### [PROBLEM DETAILS]
Return exactly the lines from the "But Only After" line through the last line of the entries below. Include no pictures.

--- START ---

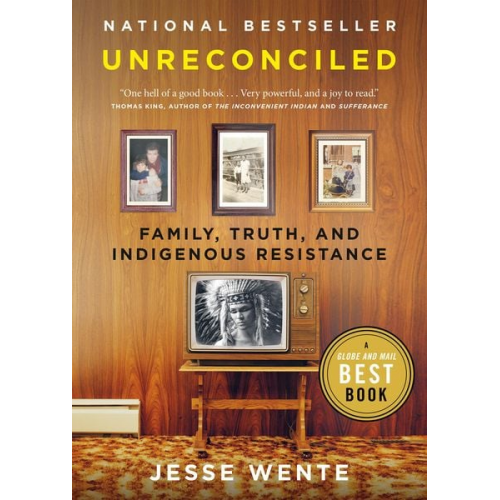 Jesse Wente - Unreconciled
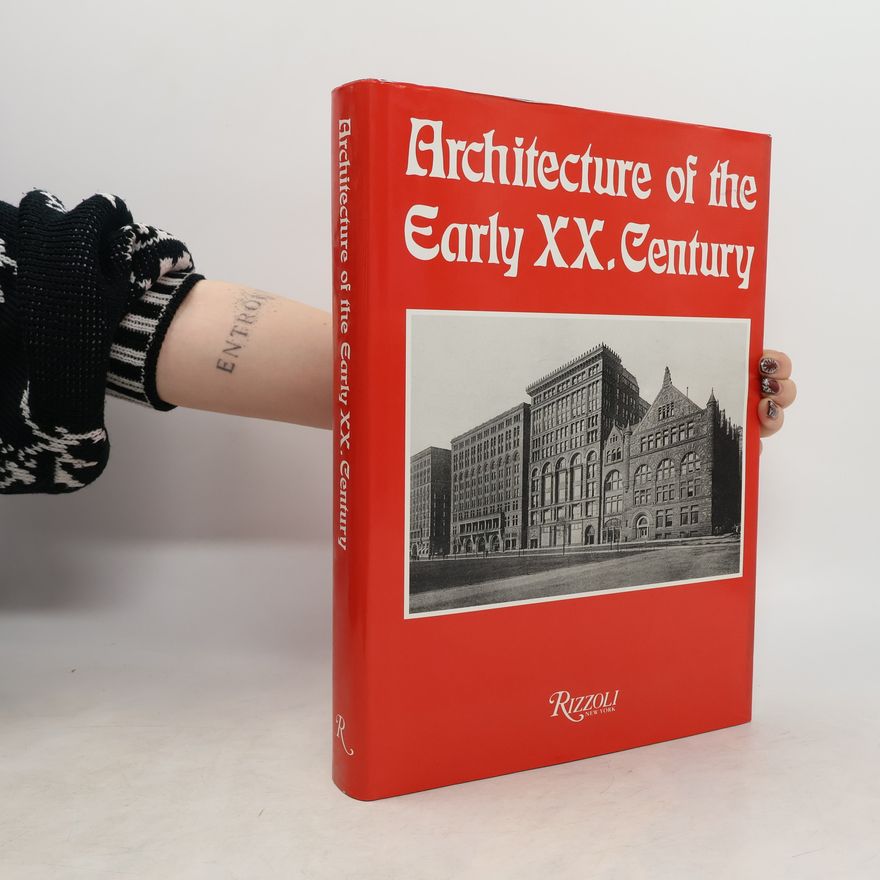 Peter Haiko Architecture of the Early XX. Century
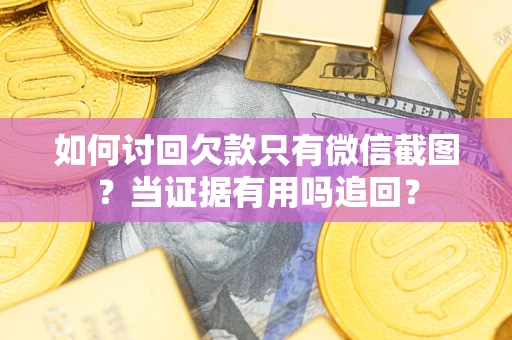 北京如何讨回欠款只有微信截图？当证据有用吗追回？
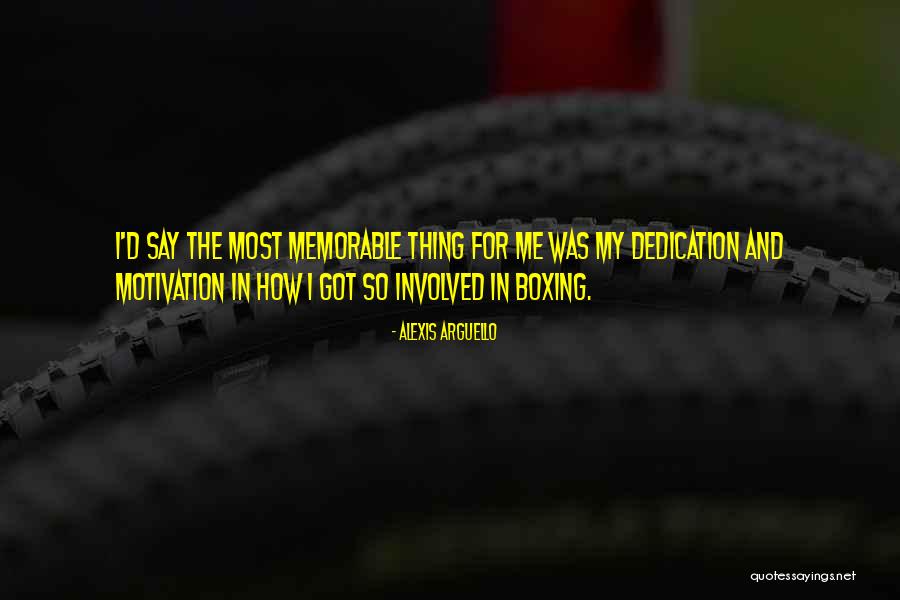 Adimohinimohankanjilal Kanjivaram Quotes By Alexis Arguello Adimohinimohankanjilal Kanjivaram Quotes By Alexis Arguello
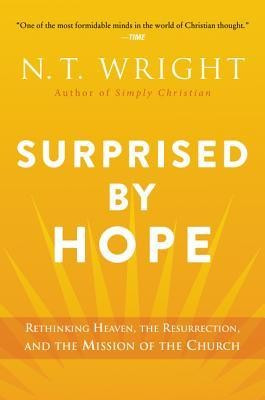 Surprised by Hope: Rethinking Heaven, the Resurrection, and the Mission of the Church foto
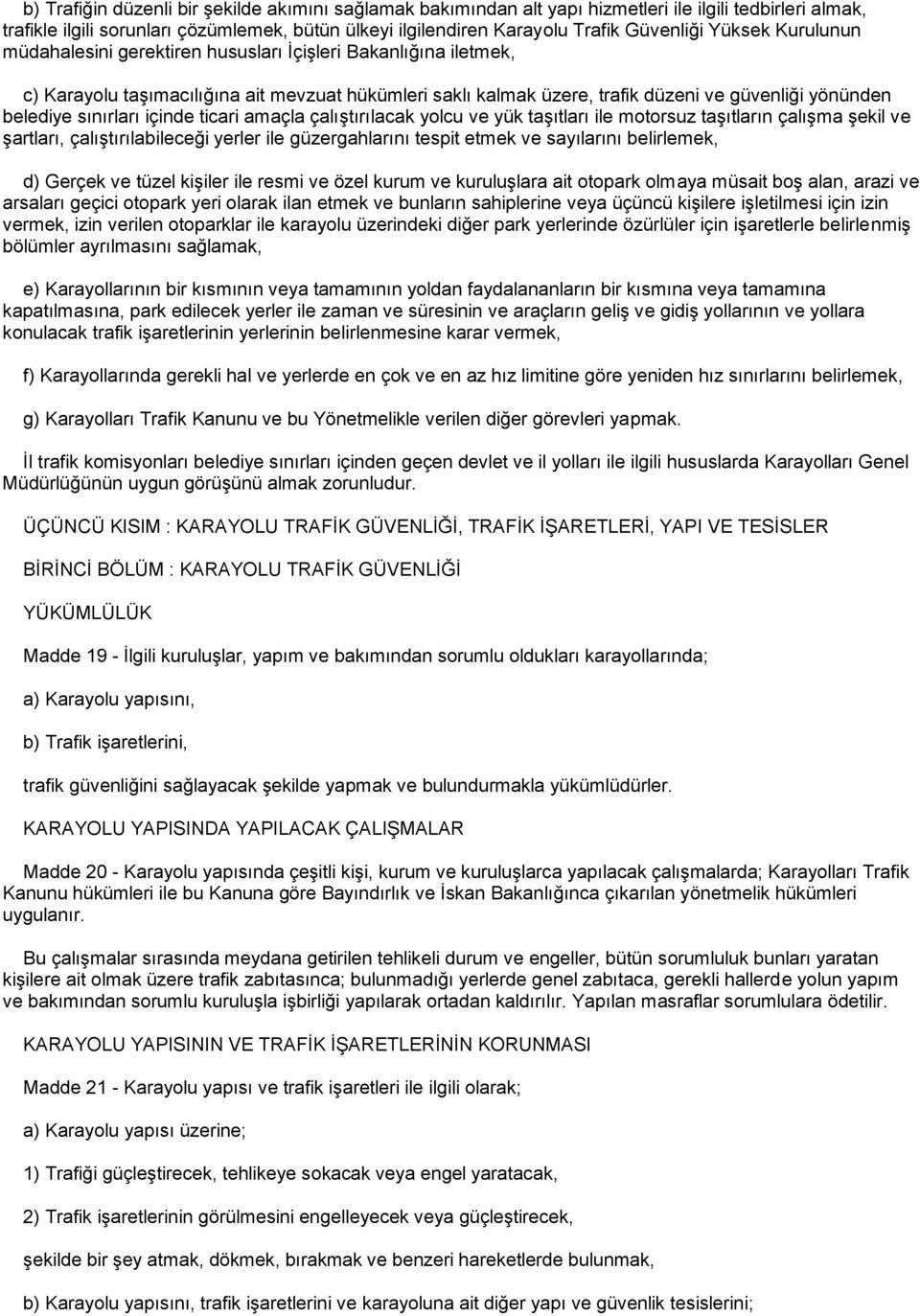 sınırları içinde ticari amaçla çalıģtırılacak yolcu ve yük taģıtları ile motorsuz taģıtların çalıģma Ģekil ve Ģartları, çalıģtırılabileceği yerler ile güzergahlarını tespit etmek ve sayılarını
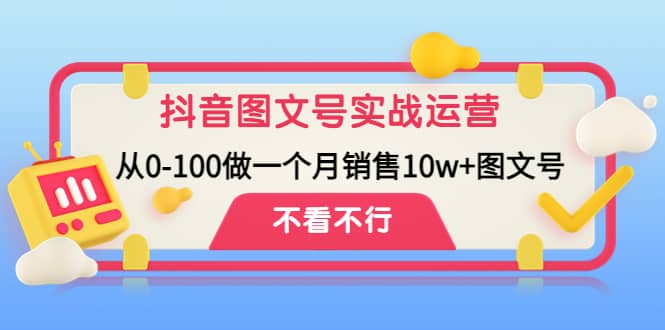 抖音图文号实战运营教程：从0-100做一个月销售10w+图文号-启航创业网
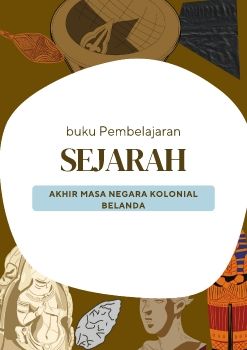 sejarah berakhirnya pendudukan belanda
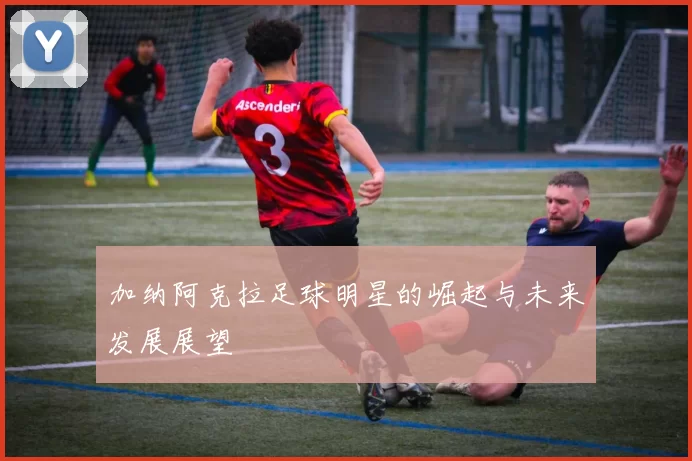 加纳阿克拉足球明星的崛起与未来发展展望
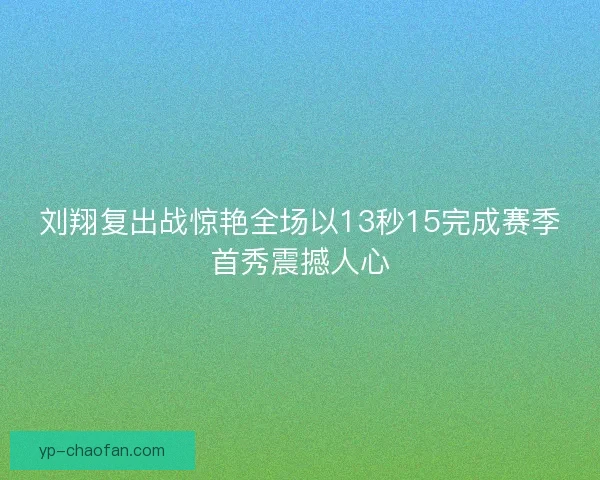 刘翔复出战惊艳全场以13秒15完成赛季首秀震撼人心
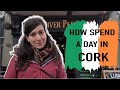 How to Spend a Day in Cork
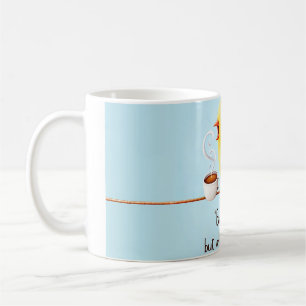 “Early Bird"… But Only After Coffee” Mug Humorous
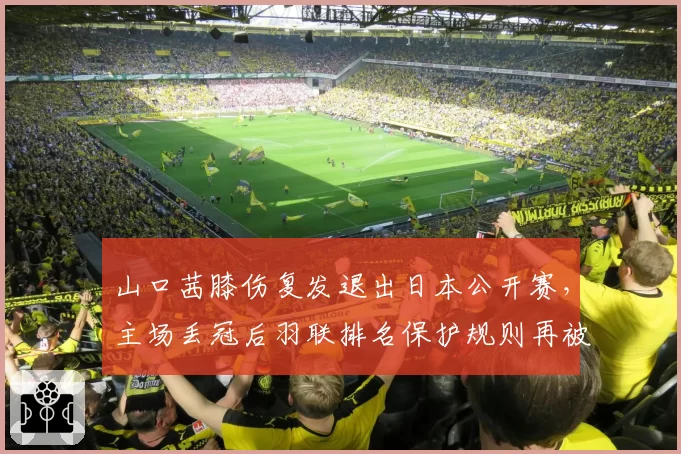 山口茜膝伤复发退出日本公开赛，主场丢冠后羽联排名保护规则再被炮轰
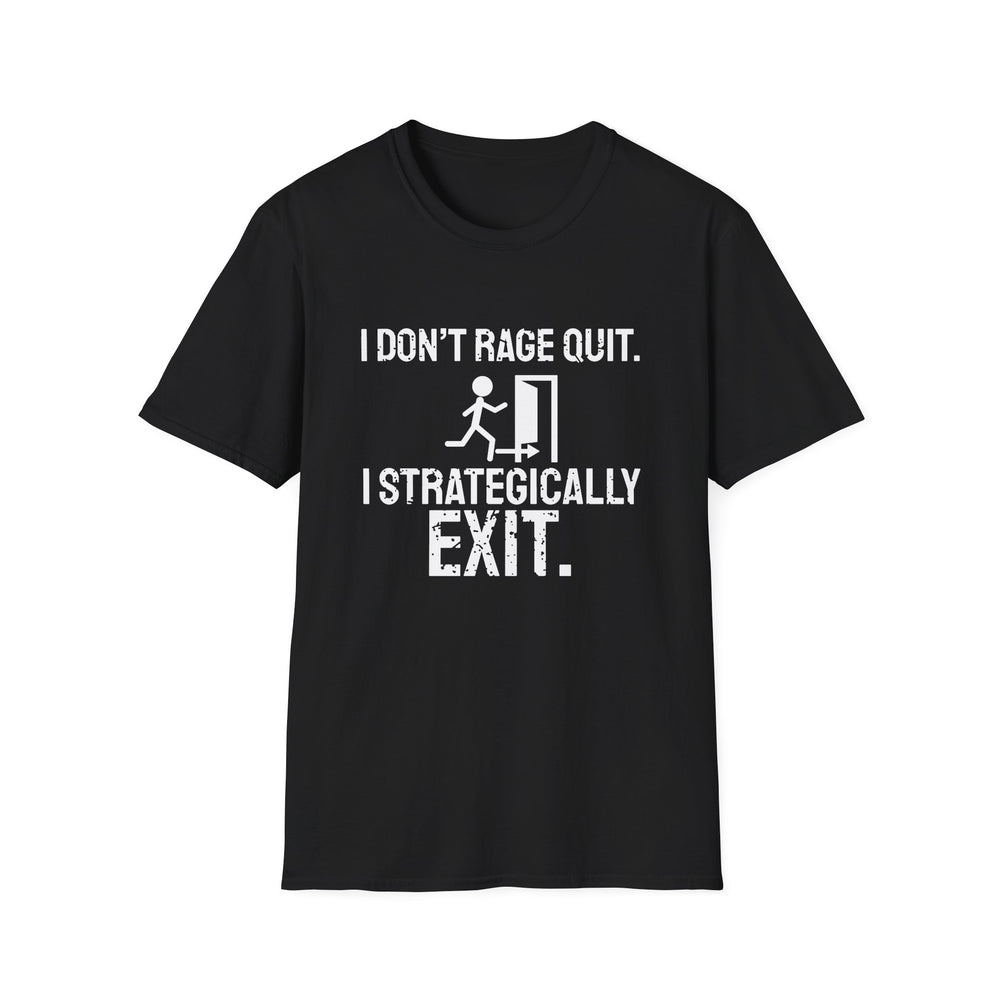 I Don't Rage Quit. I Strategically Exit. funny gamer tee, white ink on a black tee, front view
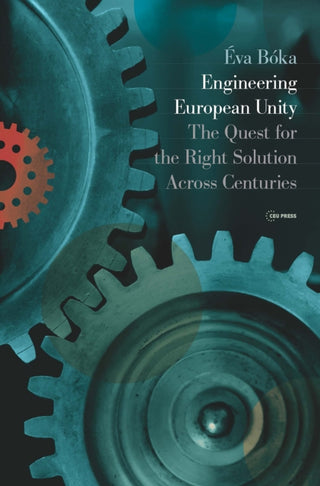 Cover image for 9789633865989 - Engineering European Unity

--- END ---

### [EXERCISE ANSWER]
 “Early Bird"… But Only After Coffee” Mug Humorous
 山口茜膝伤复发退出日本公开赛，主场丢冠后羽联排名保护规则再被炮轰
 I Don't Rage Quit. I Strategically Exit. funny gamer tee, white ink on a black tee, front view
 Cover image for 9789633865989 - Engineering European Unity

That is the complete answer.